Difference-Based Deep Learning Framework for Stress Predictions in Heterogeneous Media
This work addresses a domain-specific challenge in engineering design and analysis by providing a more efficient alternative to Finite Element Analysis for stress prediction in composite materials, though it appears incremental as it builds on existing deep learning approaches.
The paper tackles the computationally expensive problem of predicting stress distributions in heterogeneous media like composite materials by introducing a novel Difference-based Neural Network (DiNN) framework that focuses on differences in stress distribution between samples, resulting in significantly enhanced accuracy, especially for models with random volume fraction and high stress concentrations.
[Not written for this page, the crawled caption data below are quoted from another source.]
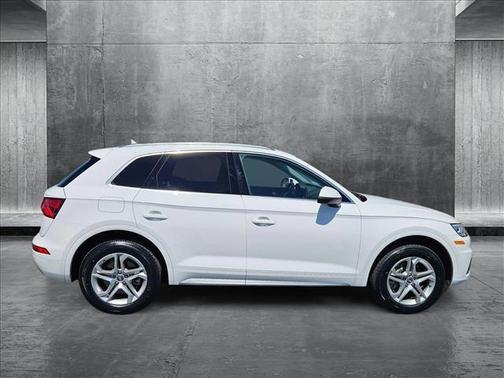2019 Audi Q5 45 Premium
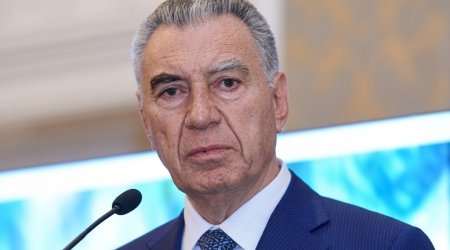 Əli Həsənova yeni vəzifə verilir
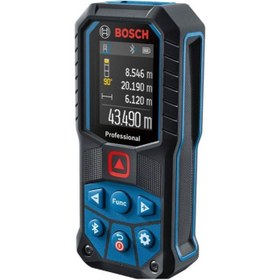 تصویر متر لیزری بوش مدل GLM 50-27 C Bosch Laser Measure GLM 50-27 C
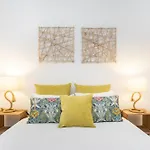 Whome Modern Luxury In Lisbon's Historic Center Apartament *
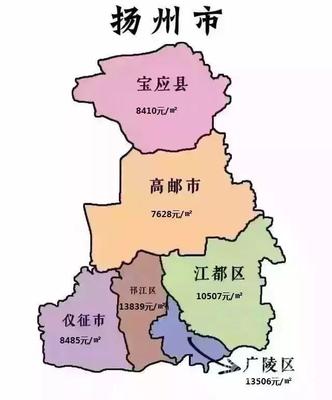 南京几个区几个县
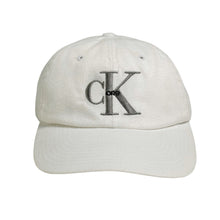 90’s CK One Snapback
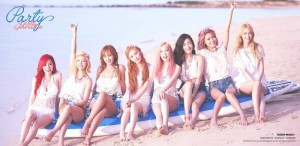 GirlsGeneration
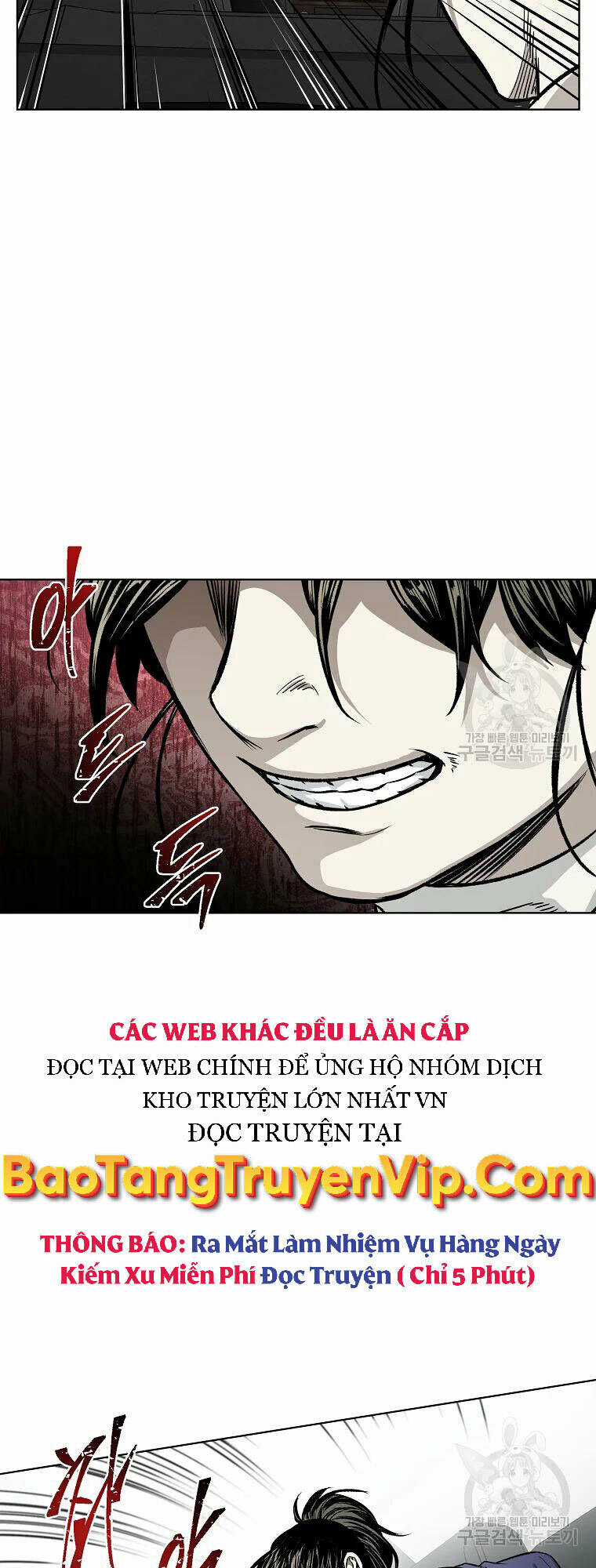 Kẻ Bất Bại - Chapter 8 - Trang 45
Stress analysis of heterogeneous media, like composite materials, using Finite Element Analysis (FEA) has become commonplace in design and analysis. However, determining stress distributions in heterogeneous media using FEA can be computationally expensive in situations like optimization and multi-scaling. To address this, we utilize Deep Learning for developing a set of novel Difference-based Neural Network (DiNN) frameworks based on engineering and statistics knowledge to determine stress distribution in heterogeneous media, for the first time, with special focus on discontinuous domains that manifest high stress concentrations. The novelty of our approach is that instead of directly using several FEA model geometries and stresses as inputs for training a Neural Network, as typically done previously, we focus on highlighting the differences in stress distribution between different input samples for improving the accuracy of prediction in heterogeneous media. We evaluate the performance of DiNN frameworks by considering different types of geometric models that are commonly used in the analysis of composite materials, including volume fraction and spatial randomness. Results show that the DiNN structures significantly enhance the accuracy of stress prediction compared to existing structures, especially for composite models with random volume fraction when localized high stress concentrations are present.